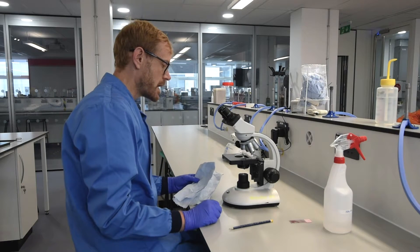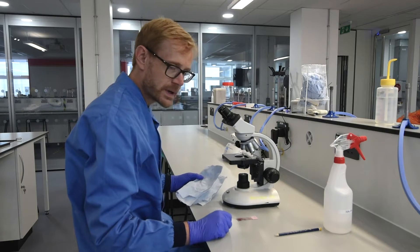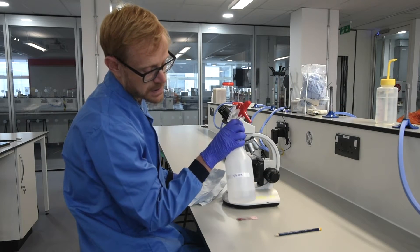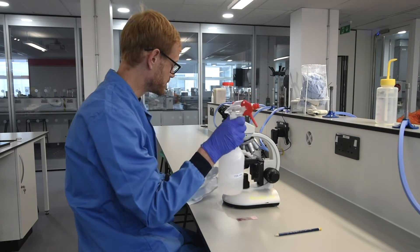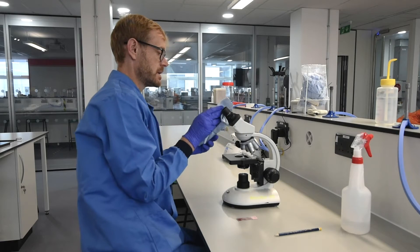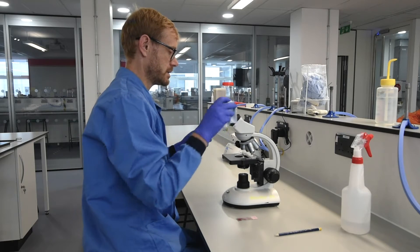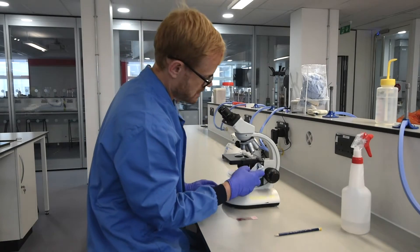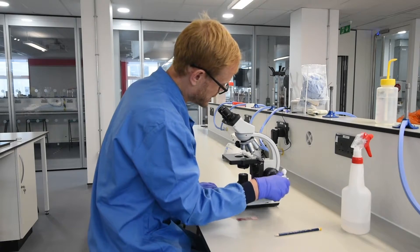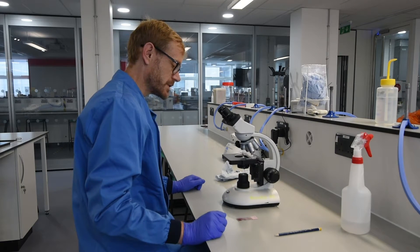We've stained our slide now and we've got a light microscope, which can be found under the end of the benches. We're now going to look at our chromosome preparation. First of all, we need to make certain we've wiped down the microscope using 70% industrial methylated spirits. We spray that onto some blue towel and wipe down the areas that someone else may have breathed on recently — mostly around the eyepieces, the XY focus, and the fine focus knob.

* * *

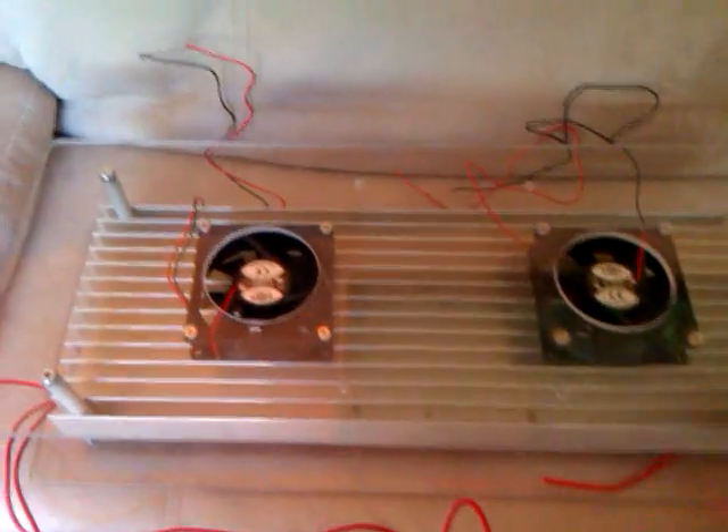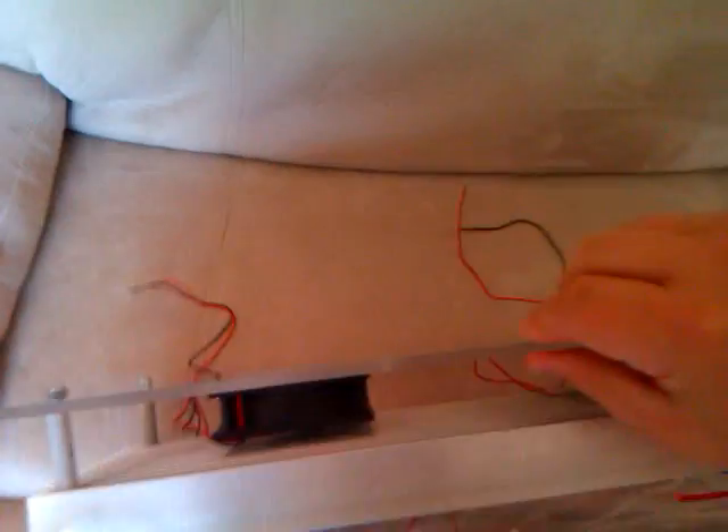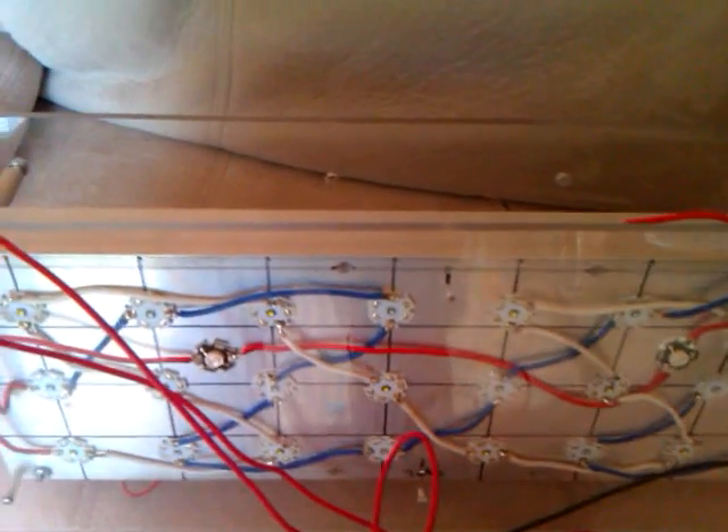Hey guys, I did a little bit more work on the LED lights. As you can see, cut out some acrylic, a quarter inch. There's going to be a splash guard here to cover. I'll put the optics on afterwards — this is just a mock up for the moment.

--

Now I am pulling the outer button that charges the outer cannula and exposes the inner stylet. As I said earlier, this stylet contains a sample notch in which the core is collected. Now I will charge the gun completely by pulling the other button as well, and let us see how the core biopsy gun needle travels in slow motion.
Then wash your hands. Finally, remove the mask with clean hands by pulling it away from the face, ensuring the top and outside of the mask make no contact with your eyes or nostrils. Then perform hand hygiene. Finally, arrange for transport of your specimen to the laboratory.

§ EXERCISE DETAILS: Where does the word "pulling" appear in the records? Copy every line that holds it.

§ ANSWER AREA:
Now I am pulling the outer button that charges the outer cannula and exposes the inner stylet. As I said earlier, this stylet contains a sample notch in which the core is collected. Now I will charge the gun completely by pulling the other button as well, and let us see how the core biopsy gun needle travels in slow motion.
Then wash your hands. Finally, remove the mask with clean hands by pulling it away from the face, ensuring the top and outside of the mask make no contact with your eyes or nostrils. Then perform hand hygiene. Finally, arrange for transport of your specimen to the laboratory.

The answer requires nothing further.